Get Smart

Dan Goldwasser Movie Reviews

I never really did watch the original television series “Get Smart” on a regular basis. Sure I’d seen the odd episode here and there, so I was familiar with the basic premise of the classic Mel Brooks/Buck Henry comedy. So when they made a new film version, it was not with the highest of expectations that I went to go see it, since Hollywood’s track record of adapting old television shows into feature films has been a mixed bag at best. This time around, however, I was pleasantly surprised.

Get Smart follows the adventure of CONTROL analyst Maxwell Smart (Steve Carell), who finally achieves his dream of upgrading to Agent status, but only after the headquarters have been attacked by KAOS. Teamed up with the sultry and beautiful Agent 99 (Anne Hathaway), Smart must find out what happened to some stolen nuclear materials, and prevent KAOS operative Siegfried (Terence Stamp) from pulling off his evil plan. In the process, Smart has to deal with his boss The Chief (Alan Arkin) and his idol, the suave Agent 23 (Dwayne “The Rock” Johnson). The problem is, Smart is a bumbling fool. But through his stumbling around and causing mayhem, he manages to get the job done, impressing everyone around him despite his faults.

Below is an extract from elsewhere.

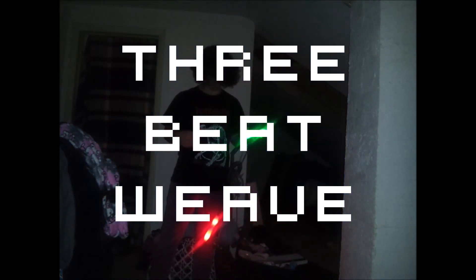Hey guys, this is DubCub, and I'm going to be teaching you how to do the 3-beat weave today. The 3-beat weave is one of the essential moves to glowstringing and or poi, and this is what the 3-beat weave looks like. Notice how my planes are completely straight and the split timing is perfect? That's what you're eventually going to try to get yours to look like. This is a view from the other angle — see how it's perfectly split time and it kind of looks like a windmill? That's what you're going to want your 3-beat to look like eventually.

Get Smart is the type of comedy where the humor doesn’t come from spoofs or mocking pop culture references, but rather, just old-fashioned humorous situations. The jokes in Get Smart seem greatly derived from the original television show – which is also treated with reverence and respect. The shoe-phone makes a prominent appearance, as well as the classic television show theme amidst Trevor Rabin’s rocking and bombastic musical score. The problem is, since many of the jokes feel like they’re from the show, the film just feels…. old. It’s smirk-inducing to see Smart smack into a wall and say “Missed it by… that much!”, but it doesn’t feel original or fresh. It was nice that Brooks and Henry were consulted on the film, and their involvement makes it much more respectable, but that doesn’t make it a better film.

All of the actors seem comfortable in their element, and Hathaway is particularly fetching in her costumes, all designed by Oscar-winner Deborah Lynn Scott. Director Peter Segal did a nice job with the action sequences, which are well choreographed. I particularly enjoyed the skydiving sequence which seemed (at times) to use actual stunt skydivers – sadly something that seems rarer and rarer these days. I enjoyed the film overall, but it’s not the type of movie to rush out and see. It’s more of a rental, but one you should snag after you check out the first season of “Get Smart”, which will be on DVD later this summer.